The Villages retirement community in Florida just landed the #2 spot on a national ranking of Gen Z migration hotspots — right behind Minneapolis and ahead of Manhattan.
A 55+ community. Second-hottest destination for people born between 1997 and 2012.
MovingPlace analyzed nearly 15 million moves throughout 2025 and found ZIP code 34762 in The Villages pulling Gen Z movers at rates that defy the shuffleboard-and-golf-cart stereotype. The reason isn’t mysterious — it’s cause and effect. The Villages is the fastest-growing metro area in the U.S. for working-age people, with that demographic up 19.1% over the past decade. Someone has to staff the hospitals, rehab centers, restaurants, and construction crews serving 130,000+ retirees.
Encompass Health just opened a 50-bed inpatient rehab hospital there. The Villages is funding a 2,800-home expansion. UCF’s Institute for Economic Forecasting projects continued job growth in healthcare, hospitality, and real estate development. Gen Z isn’t moving there for the lifestyle — they’re moving there because the jobs exist and the rent (compared to Orlando or Tampa) doesn’t require three roommates.

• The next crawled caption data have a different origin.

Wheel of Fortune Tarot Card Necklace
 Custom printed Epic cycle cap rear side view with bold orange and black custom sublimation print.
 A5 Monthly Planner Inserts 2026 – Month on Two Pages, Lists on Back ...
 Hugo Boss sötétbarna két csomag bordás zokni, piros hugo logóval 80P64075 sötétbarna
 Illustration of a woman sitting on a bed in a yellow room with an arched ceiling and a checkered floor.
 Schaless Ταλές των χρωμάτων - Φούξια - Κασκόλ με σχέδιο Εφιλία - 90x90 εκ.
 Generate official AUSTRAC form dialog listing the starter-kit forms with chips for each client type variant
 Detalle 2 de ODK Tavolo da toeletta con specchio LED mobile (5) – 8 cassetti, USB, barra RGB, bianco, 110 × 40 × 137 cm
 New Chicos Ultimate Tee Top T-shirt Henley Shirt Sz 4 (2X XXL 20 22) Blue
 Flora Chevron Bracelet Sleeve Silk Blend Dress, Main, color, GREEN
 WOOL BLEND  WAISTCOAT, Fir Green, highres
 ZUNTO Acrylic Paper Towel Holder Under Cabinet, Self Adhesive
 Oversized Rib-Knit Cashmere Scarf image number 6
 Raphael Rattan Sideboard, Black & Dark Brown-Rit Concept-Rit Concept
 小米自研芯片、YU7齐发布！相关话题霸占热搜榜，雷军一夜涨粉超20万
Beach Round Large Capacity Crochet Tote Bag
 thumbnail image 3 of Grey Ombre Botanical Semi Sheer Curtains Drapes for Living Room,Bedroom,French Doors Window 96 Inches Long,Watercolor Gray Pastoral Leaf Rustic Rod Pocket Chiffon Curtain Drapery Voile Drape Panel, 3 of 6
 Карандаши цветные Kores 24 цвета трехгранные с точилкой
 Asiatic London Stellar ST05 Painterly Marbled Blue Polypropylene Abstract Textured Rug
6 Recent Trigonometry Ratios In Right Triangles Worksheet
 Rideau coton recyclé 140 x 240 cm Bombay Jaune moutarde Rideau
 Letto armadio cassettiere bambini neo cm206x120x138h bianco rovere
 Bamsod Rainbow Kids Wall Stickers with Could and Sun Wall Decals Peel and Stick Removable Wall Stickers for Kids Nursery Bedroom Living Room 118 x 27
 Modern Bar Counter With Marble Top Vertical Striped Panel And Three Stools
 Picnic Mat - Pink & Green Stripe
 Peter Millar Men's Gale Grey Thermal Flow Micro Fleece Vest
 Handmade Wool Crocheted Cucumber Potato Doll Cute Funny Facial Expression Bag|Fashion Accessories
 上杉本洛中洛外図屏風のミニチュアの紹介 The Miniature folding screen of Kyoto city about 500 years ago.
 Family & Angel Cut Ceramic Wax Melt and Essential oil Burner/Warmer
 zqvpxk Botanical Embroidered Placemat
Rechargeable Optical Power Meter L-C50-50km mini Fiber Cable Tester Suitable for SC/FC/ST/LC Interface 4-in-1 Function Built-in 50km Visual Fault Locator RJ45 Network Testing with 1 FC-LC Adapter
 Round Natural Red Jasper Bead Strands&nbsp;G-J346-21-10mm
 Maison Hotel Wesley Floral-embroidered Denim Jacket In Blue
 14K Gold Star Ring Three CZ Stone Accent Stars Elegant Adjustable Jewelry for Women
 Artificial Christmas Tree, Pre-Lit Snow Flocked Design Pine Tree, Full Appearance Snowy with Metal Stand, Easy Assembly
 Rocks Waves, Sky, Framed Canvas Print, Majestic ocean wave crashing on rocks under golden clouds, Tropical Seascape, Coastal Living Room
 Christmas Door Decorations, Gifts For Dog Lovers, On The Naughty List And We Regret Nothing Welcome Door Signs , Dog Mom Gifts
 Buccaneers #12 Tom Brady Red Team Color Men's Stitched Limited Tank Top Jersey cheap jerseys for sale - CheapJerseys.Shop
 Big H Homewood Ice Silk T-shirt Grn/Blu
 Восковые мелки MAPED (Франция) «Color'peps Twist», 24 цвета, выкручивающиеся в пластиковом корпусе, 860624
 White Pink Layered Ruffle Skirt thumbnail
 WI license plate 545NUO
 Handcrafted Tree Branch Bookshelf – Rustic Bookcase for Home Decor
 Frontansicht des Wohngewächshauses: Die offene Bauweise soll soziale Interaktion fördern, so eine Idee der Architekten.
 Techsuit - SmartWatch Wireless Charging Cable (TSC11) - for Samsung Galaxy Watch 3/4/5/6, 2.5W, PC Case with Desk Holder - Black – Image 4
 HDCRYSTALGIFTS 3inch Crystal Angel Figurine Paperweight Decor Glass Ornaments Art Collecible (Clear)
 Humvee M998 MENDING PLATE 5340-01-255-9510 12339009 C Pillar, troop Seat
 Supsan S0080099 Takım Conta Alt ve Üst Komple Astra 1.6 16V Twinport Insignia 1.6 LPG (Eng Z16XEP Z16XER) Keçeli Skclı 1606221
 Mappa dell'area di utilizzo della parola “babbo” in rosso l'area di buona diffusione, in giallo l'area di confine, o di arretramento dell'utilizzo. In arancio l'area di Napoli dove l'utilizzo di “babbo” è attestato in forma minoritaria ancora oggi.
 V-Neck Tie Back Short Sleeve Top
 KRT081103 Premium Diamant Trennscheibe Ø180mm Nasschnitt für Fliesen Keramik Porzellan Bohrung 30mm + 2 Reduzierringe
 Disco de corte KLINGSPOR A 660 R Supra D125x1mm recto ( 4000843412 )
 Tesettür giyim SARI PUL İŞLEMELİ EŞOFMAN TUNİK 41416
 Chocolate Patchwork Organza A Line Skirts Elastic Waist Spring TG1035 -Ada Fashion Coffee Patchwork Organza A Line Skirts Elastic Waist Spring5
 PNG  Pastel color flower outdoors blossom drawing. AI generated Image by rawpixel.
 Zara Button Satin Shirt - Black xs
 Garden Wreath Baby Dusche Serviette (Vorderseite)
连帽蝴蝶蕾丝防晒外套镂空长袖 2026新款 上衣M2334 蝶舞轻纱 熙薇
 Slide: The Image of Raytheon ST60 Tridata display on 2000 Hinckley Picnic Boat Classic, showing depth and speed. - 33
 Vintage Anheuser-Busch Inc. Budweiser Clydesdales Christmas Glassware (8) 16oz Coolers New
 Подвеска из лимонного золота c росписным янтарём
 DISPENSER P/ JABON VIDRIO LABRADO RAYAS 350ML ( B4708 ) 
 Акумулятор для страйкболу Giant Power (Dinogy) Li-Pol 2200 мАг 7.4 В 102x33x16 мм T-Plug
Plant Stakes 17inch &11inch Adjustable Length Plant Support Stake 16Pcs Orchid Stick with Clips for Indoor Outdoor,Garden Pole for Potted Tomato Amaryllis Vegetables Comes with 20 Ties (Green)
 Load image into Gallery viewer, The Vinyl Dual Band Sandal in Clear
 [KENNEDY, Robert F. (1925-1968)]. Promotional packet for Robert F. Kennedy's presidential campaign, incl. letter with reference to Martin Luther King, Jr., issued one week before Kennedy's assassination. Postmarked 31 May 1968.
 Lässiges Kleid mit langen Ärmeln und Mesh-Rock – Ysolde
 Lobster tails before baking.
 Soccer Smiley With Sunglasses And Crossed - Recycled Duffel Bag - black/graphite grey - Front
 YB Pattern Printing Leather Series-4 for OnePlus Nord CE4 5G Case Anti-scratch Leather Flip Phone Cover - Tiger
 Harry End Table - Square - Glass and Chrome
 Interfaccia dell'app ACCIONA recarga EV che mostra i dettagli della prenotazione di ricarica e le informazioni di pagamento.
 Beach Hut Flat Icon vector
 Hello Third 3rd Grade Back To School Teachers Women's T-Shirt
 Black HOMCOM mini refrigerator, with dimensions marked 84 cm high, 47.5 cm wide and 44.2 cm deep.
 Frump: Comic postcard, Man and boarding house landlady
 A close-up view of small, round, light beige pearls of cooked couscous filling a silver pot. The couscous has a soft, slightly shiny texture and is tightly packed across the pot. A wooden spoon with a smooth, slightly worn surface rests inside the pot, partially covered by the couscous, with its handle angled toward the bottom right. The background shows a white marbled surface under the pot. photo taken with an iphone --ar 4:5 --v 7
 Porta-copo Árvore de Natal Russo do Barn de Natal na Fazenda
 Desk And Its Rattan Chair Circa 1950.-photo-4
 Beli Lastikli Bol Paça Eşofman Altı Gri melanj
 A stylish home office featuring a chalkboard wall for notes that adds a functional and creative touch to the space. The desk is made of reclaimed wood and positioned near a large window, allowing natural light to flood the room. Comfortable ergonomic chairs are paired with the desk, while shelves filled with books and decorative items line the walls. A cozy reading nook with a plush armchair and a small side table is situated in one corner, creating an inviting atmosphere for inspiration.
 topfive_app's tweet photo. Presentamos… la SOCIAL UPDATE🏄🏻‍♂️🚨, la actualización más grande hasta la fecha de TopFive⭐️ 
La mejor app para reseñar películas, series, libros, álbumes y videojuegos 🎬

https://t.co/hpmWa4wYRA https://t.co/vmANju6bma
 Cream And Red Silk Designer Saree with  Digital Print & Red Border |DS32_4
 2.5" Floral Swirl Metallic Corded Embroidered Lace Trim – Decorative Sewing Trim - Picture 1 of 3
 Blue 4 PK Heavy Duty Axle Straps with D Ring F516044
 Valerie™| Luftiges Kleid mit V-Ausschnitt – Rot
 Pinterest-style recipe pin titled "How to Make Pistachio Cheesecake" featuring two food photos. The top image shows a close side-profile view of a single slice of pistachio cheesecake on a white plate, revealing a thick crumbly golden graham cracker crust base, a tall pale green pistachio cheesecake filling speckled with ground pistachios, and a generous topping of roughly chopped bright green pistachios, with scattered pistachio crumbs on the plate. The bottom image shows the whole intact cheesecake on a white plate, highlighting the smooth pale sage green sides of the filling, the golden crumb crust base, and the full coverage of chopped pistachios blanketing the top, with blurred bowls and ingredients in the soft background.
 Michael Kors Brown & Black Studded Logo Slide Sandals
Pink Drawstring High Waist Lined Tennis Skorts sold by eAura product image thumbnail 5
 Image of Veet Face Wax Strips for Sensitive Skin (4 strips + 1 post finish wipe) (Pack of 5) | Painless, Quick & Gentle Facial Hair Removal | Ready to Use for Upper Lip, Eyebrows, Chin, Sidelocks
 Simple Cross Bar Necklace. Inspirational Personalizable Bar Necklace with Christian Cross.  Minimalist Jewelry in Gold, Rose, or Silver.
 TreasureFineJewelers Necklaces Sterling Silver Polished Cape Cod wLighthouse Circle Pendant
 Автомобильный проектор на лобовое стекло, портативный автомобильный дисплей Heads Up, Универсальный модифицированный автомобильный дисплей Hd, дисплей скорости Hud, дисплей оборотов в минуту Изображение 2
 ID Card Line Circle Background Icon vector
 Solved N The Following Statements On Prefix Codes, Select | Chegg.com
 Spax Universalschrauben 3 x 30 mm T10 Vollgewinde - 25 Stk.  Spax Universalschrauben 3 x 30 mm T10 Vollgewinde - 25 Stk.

The Retirement Community Loophole No One Talks About
Florida law allows up to 20% of a retirement community’s residents to be between 18 and 55 years old. The Villages’ own rules permit anyone 19+ to live there — as long as they share a household with someone over 55.
Translation: You can rent a room, work at the local hospital, and live in a place where the infrastructure (roads, utilities, amenities) is maintained by a well-funded HOA. The trade-off? Your neighbors are your grandparents’ age, and the nightlife consists of a Publix that closes at 9 PM.
But if you’re 24, working as a physical therapy assistant, and trying to save money while avoiding Orlando’s $1,800 studio apartments, the math works.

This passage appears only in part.